Rafal, I have been reading this thread and have discovered what could be very useful information. I am looking for old shipmates, especially from The Sperus on behalf of my mum.

My mum and grandad worked on various COSAG vessels, mainly The Sperus, my mum Michelle Patterson (stewardess) working in the 70s and Grandad JP John Patterson (chief engineer) the 70s-80s. 

You mentioned Alan Woodrow, my mum knew him very well and has now lost touch, I am particularly looking for an Annette Clarke who worked as a stewardess on the Sperus in the 70s.

She has lots of tales to tell about the COSAG days.

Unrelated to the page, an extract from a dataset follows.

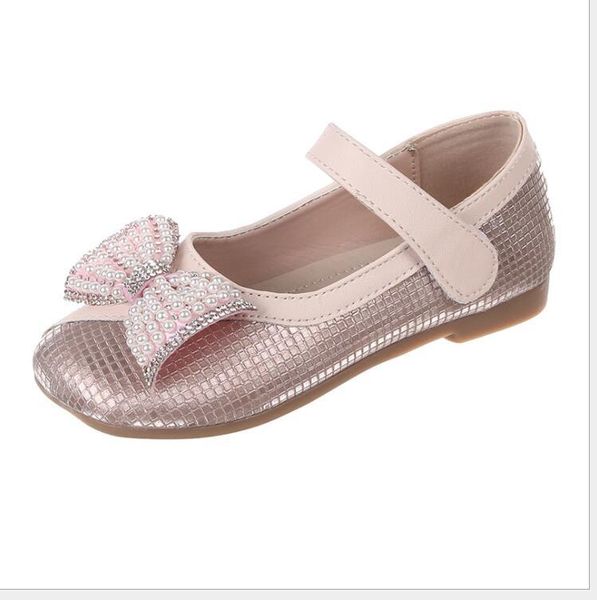 flat shoes fashion princess crystal leather for girls low-heeled casual glitter classic butterfly knot, Black;grey
flat shoes fashion princess crystal leather for girls low-heeled casual glitter classic butterfly knot, Black;grey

I hope I'm not posting this too late and and people are still checking this thread, look forward to hearing from anyone with info


----------



## lesliepounder

Hello. I worked as Chief Engineer on the Sperus. John Pattison was the Superintendent. I sailed with Michelle. When we went ashore in Abidjan we were all mugged and Michelle was punched. It was my best time st sea serving aboard mv Sperus. I got married in 1980 and decided to leave the sea to settle in married life. Another Chief Engineer was Called Norman Lipscompe and I was his 3rd engineer when I first joined the company. I thougherly enjoyed working for Cosag Marine Services.


----------



## Patterson

lesliepounder said:


> Hi Leslie, nice to hear from you. I've passed this message onto my mum Michelle, she's not sure about your name, were you known as Les?
> She's very interested in locating Alan Woodrow, of Great Yarmouth, Annette Clarke of Great Yarmouth and a Alan Abernethy of North Shields! Have you crossed paths with any of the above?
> Sadly my grandad John Patterson passed away 2 years ago, he would have loved catching up with his old ship mates!
> Kind regards Amy.


----------



## david freeman

just to put an oar in the water? had this company any relation with ''cosalts'' a supplytrading company in St Andrews dock Hull [fishing] and associated with the trawler companies out of Hull, Grimsby and Fleetwood, and granton?? this was in 72-74.


----------



## lesliepounder

Hello. Sorry it has taken so long to get back to youI forgot my login details. Yes, I was known as Les. The Sperus was laid up in Sunderland over a very cold winter in Either 77,78 or 79. I cannot remember which. All the cast iron radiators froze. John, Norman and I removed 55 of them and sent them off for scrap. I remember Alan Abernathie a deckhand, and the female stewardess you mentioned from Great Yarmouth. The Sperus was a happy ship and a pleasure to work on. It was an old Trinity House ship called the Hesperus. When Cosag bought her they had to change the name, so they just dropped the Sp.
Please give my regards to Michelle. I enjoyed the Tea and biscuits she used to bring down to the engineroom.


----------



## GeoffMate

*MV Bembridge*

I worked in sales at Cosag, 1971/2. I served as asst mate on Bembridge and sailed on Max Reiman to recover buoyed off anchor we lost when it just off Gt Yarmouth. As sea experience to charter the vessels, I left bewore the Sperus. There was a small supply ship from? Bosher named ? Windrush or some such, if you can recall.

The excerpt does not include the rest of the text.